I’ve gone and removed all the repmat() and the like for putting the ReturnMatrix together with the EV terms in the value function commands for semiz with no z so you can get the full benefits effective immediately :smiley:

I will go do it for all the other value fn commands in early January. There are over 100 sub-functions for value fn iteration nowadays (different combinations of shocks, asset types, and preferences) and I just don’t have the heart to go do it right now (I am trying to take a break until christmas from the technical innards of the toolkit, do some research instead).

I have made vfoptions.paroverz=1 the default (it was previously default when prod(n_z)>50, but now is just always the default).
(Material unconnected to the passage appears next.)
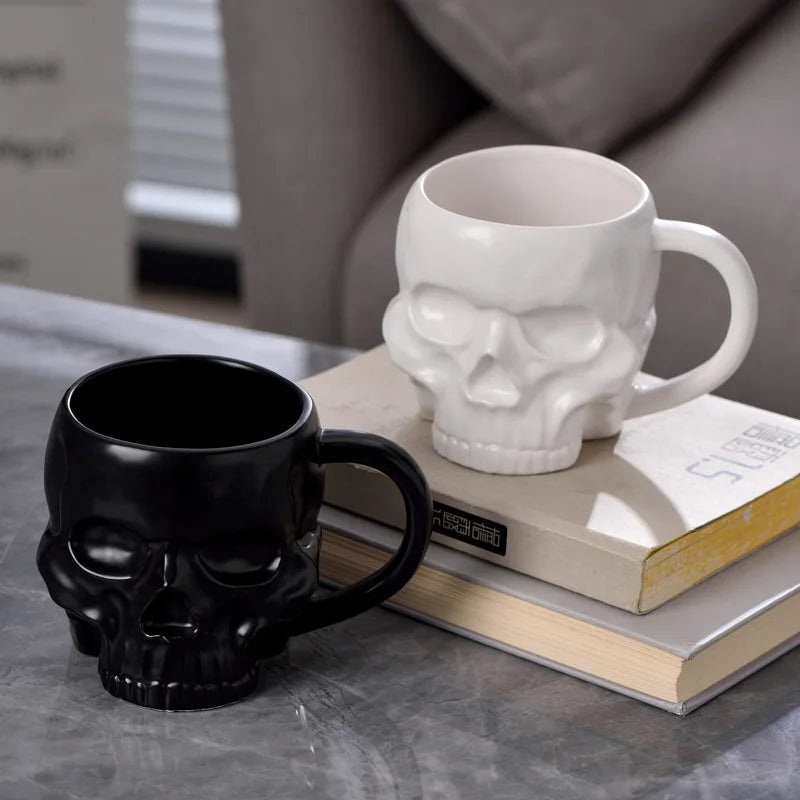 Spooky Skull Coffee Mug - Image 3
A bit of background, back when I was doing pre-version-1 of the toolkit it wasn’t even obvious to me how to parallel over z when calculating E[V], so I just did it as a loop. Nowadays parallel over z when calculating E[V] is easy and obvious to me but I just added it as an alternative, rather than overwriting the original completely. Realistically, there is vfoptions.lowmemory, so I should probably just eliminate the whole vfoptions.paroverz=0 completely as if you get out of memory errors you can just switch to vfoptions.lowmemory=1 anyway.

Thanks for this! Faster is always nice :smiley_cat:

1 Like

Have now implemented automatic array expansion in all the value fn iteration commands :smiley:

1 Like

That’s awesome thanks! And it should not be too bad for backward compatibility since automatic expansion was introduces in R2016a :slight_smile: